But opening the link in any browser other than the client, the playlist will be limited to 1000 tracks.

But I have found a way to overcome it, I installed Tampermonkey and then installed this script.

Now I can view full playlists in a browser.

This is a sample playlist.

The playlists look like this:

The first column holds the songtitle, the second column holds the duration, the third column holds the artist, and the last column holds the album.

The text in the first, third and fourth columns are hyperlinks to the song, artist and album pages respectively.

I don't know a thing about html but I managed to get its data structure.

The thing we need is the table located at xpath //table/tbody, each row is a childnode of the table named tr(xpath //table/tbody/tr).

this is a sample row:

<td class="left">
    <div class="hd "><span data-res-id="5221710" data-res-type="18" data-res-action="play" data-res-from="13" data-res-data="158624364" class="ply ">&nbsp;</span><span class="num">1</span></div>
</td>
<td>
    <div class="f-cb">
        <div class="tt">
            <div class="ttc">
                <span class="txt">
                    <a href="#/song?id=5221710"><b title="Axel F">Axel F</b></a>
                    
                    
                </span>
            </div>
        </div>
    </div>
</td>
<td class=" s-fc3">
    <span class="u-dur candel">03:00</span>
    <div class="opt hshow">
        <a class="u-icn u-icn-81 icn-add" href="javascript:;" title="添加到播放列表" hidefocus="true" data-res-type="18" data-res-id="5221710" data-res-action="addto" data-res-from="13" data-res-data="158624364"></a>
        <span data-res-id="5221710" data-res-type="18" data-res-action="fav" class="icn icn-fav" title="收藏"></span>
        <span data-res-id="5221710" data-res-type="18" data-res-action="share" data-res-name="Greatest Hits Of The Millennium 80's Vol.2" data-res-author="Harold Faltermeyer" data-res-pic="https://p2.music.126.net/tOa6Tizqy755OZE7ITsw_g==/775155697626111.jpg" class="icn icn-share" title="分享">分享</span>
        <span data-res-id="5221710" data-res-type="18" data-res-action="download" class="icn icn-dl" title="下载"></span>
        <span data-res-id="5221710" data-res-type="18" data-res-from="13" data-res-data="158624364" data-res-action="delete" class="icn icn-del" title="删除">删除</span>
    </div>
</td>
<td>
    <div class="text" title="Harold Faltermeyer">
        <span title="Harold Faltermeyer">
            <a href="#/artist?id=34854" hidefocus="true">Harold Faltermeyer</a>
        </span>
    </div>
</td>
<td>
    <div class="text">
        <a href="#/album?id=509819" title="Greatest Hits Of The Millennium 80's Vol.2">Greatest Hits Of The Millennium 80's Vol.2</a>
    </div>
</td>

The columns are childnodes of the element.

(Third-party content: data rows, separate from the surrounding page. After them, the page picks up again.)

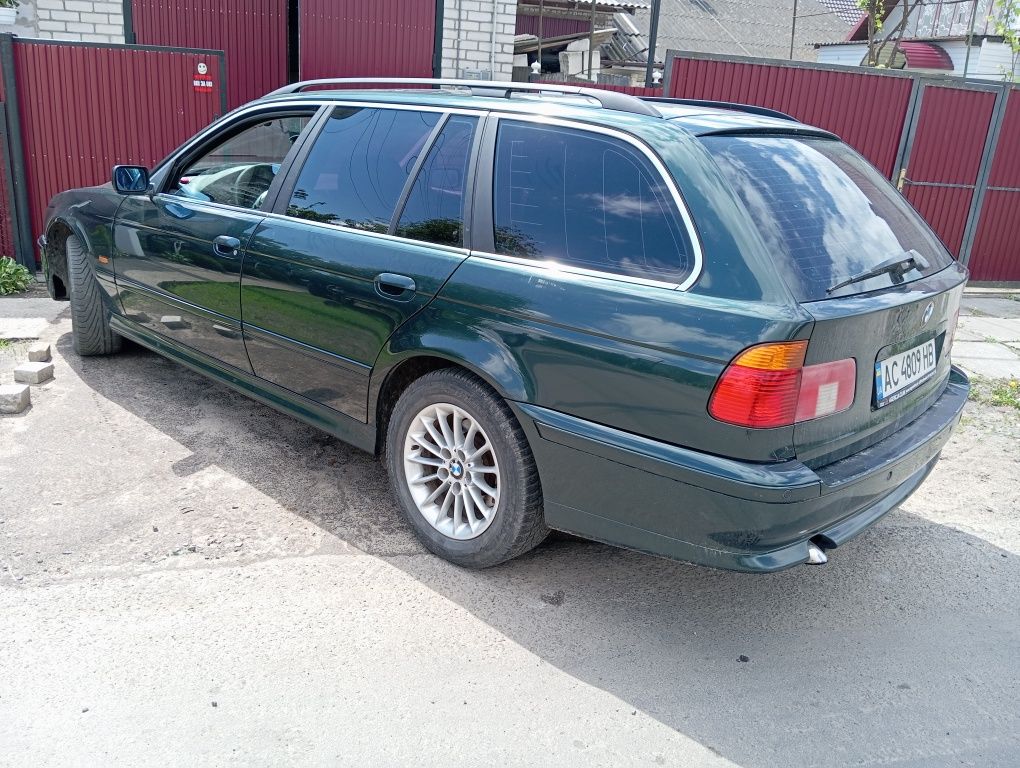 Продам машину БМВ 525D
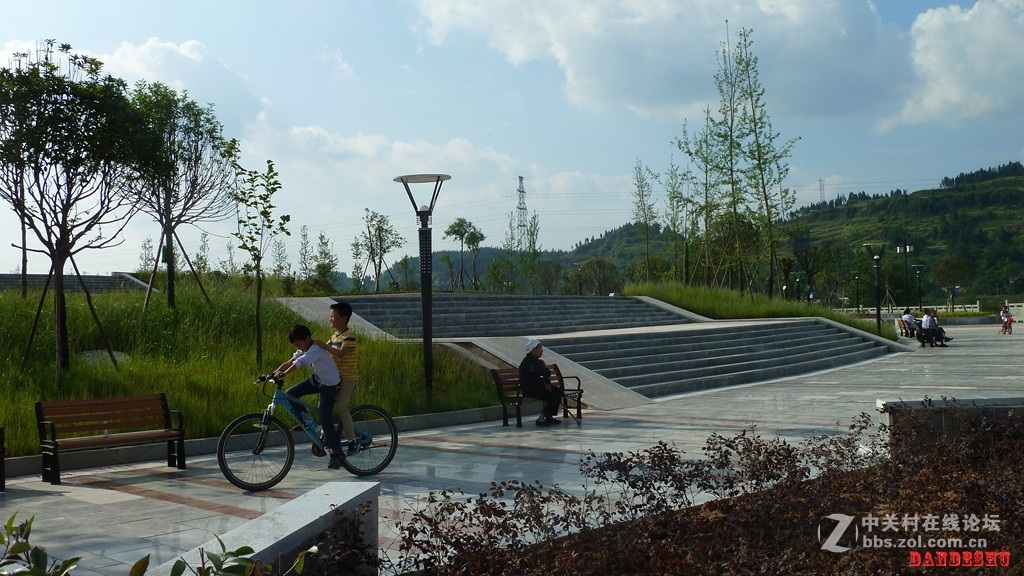 欧耶  美丽滨江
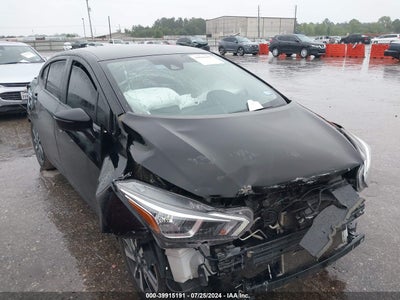 NISSAN VERSA 2021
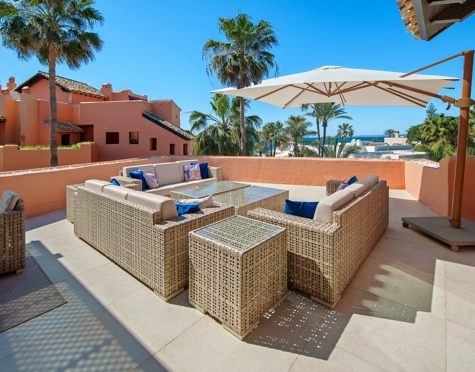Duplex Penthouse for sale in La Morera, Marbella Este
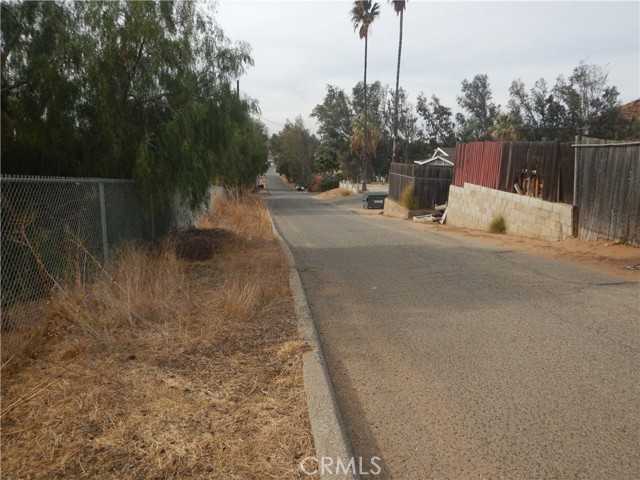 Detail Gallery Image 12 of 51 For 9417 56th St, Jurupa Valley,  CA 92509 - 3 Beds | 2/1 Baths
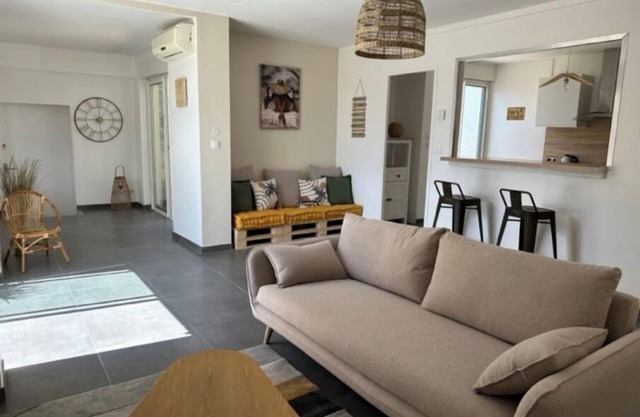 Maison GuyennenLovely, cosy house furnished with care and comfort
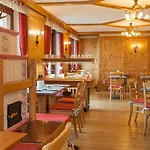 Vallée Blanche Hotel 3*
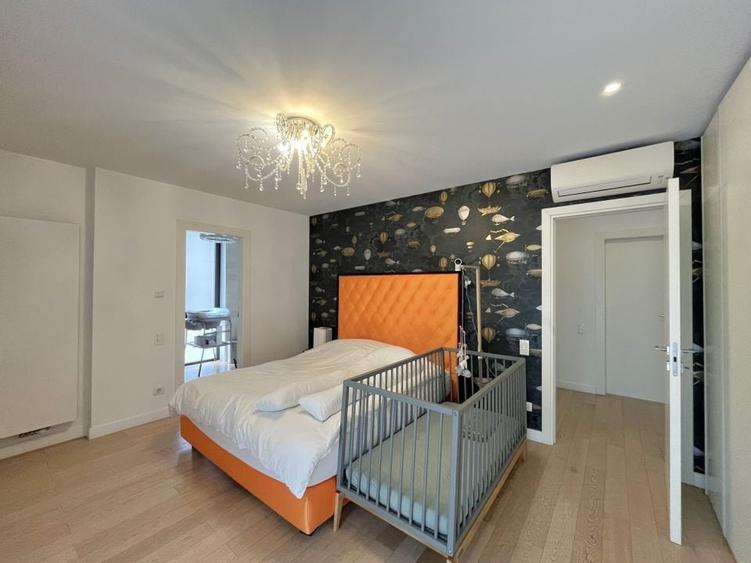 Apartament cu 3 camere decomandat în Floreasca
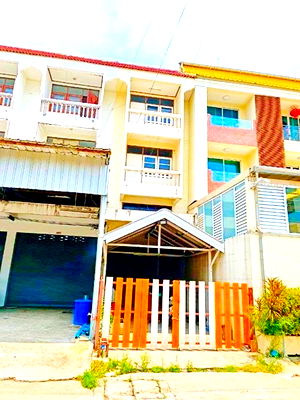 Shophouses for rent Bangkok : Saimai-Sukhaphiban5 Road. Commercial building for rent 3.5-storey 24sq.wa. 264sq.m. 11,998B-M. Sara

I have managed to get the xpaths corresponding to the columns:

/td[2]/div/div/div/span/a/b -->  title
/td[2]/div/div/div/span/a -->  song link
/td[3]/span -->  duration
/td[4]/div/span/a -->  artist
/td[4]/div/span/a['href'] -->  artist link
/td[5]/div/a -->  album
/td[5]/div/a['href'] -->  album link

We should add the address music.163.com/ in front of the links to get full addresses.

I was thinking about using selenium to get the elements, more specifically find the rows by xpath, then loop through the rows and get the columns by their xpaths inside the rows, then add the values to a list of namedtuples.

From here it is trivial to add the elements to an SQL table.

But I just can't get it to work.

I have managed to open a Firefox selenium window, install tampermonkey and the script to access the full playlist(these two installations are done manually), then get to the playlist page and tried to get the elements:

from selenium import webdriver
Firefox = webdriver.Firefox()
Firefox.get('https://music.163.com/#/playlist?id=158624364&userid=126762751')
Firefox.find_elements_by_xpath('//table/tbody/tr')

The result is an empty list.

I don't know what went wrong, I can view the table element in developer tools just fine, then I have viewed its source code and realized that the table isn't in its source code.

I have even managed to obtain the full table with developer tools, and I uploaded it here.

But it is invisible to selenium. Apparently browsers have a way to display contents not in the original html source code and selenium can't. That's when I realized browsers can execute javascript and the additional contents not in the original source code are probably added by a javascript somewhere, and the code I used didn't involve javascript and can only get the original source code without the additional contents.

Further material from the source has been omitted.